Nocturnal satellite-imagery is set to provide a range of new tools for financial analysis and an increasingly accurate picture of economic activity, according to the latest research from the IMF.
A study looking at a previously untapped source of satellite data has derived oil and non-oil GDP growth for Yemen by comparing night time satellite imagery on a sample of 72 countries for real GDP and 28 countries for oil GDP over 6 years.
“Satellite images are increasingly used to assess economic outcomes. With the generation and dissemination of important quantities of data gathered from remote sensing instruments2, it is now possible to approach human activity in places where conventional data suffer strong limitations,” Majdi Debbich, author of the IMF working paper explains.

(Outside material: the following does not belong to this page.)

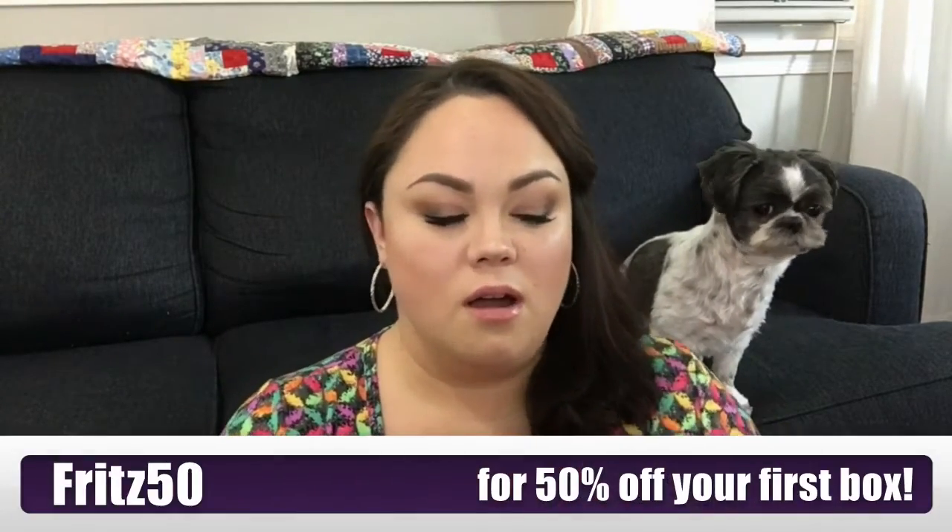Hi guys, Lucy and I are here to open our August pet gift box. She's so excited! Bowser's over there — he's conflicted because daddy's eating lunch, so he knows there's lunch in the other room but there's toys in this room. If you guys haven't done it already, you can use a 50% off coupon code. Our code is fritz50 if you want to purchase a pet gift box for your cats or dogs, or for a friend.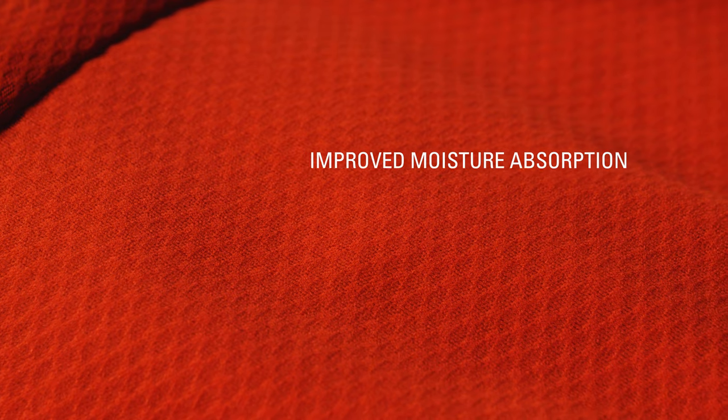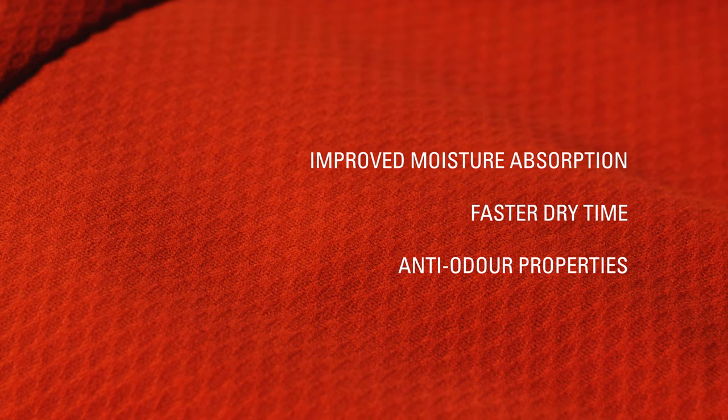One of the linings is our Motive fabric, positioned on the front body, on the hips and lower back and over the shoulders and overarms. This fabric uses S-Cafe yarn technology which increases the yarn surface area, giving the fabric improved moisture absorption, a faster drying time and anti-odour properties.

The usefulness of satellite images of Earth at night — often referred to as "night lights" - to assess economic outcomes has been extensively documented in the recent literature. In a seminal paper, Henderson et al. (2012) use a global sample of countries to uncover a positive and significant relationship between the change in nightlights intensity and real GDP growth. The authors combine nightlights-based predicted real GDP with national accounts data to compute an enhanced measure of true real GDP growth
New analysis insights
This new tool is likely to provide insight for the analysis of economies, countries or regions with weak national statistics capabilities owing to structural issues or ongoing conflicts.
Most importantly, the high-level of disaggregation of satellite data and the capacity of sensors to capture various sources of energy allows for the characterization by location and type of activity detected
Based on the recent analysis, the IMF research estimates that real GDP contracted by a cumulative 24 percent over 2015-17 against 50 percent according to official figures for Yemen.
“The impact of the conflict has been geographically uneven with economic activity contracting more in some governorates than in others,” Debbich notes.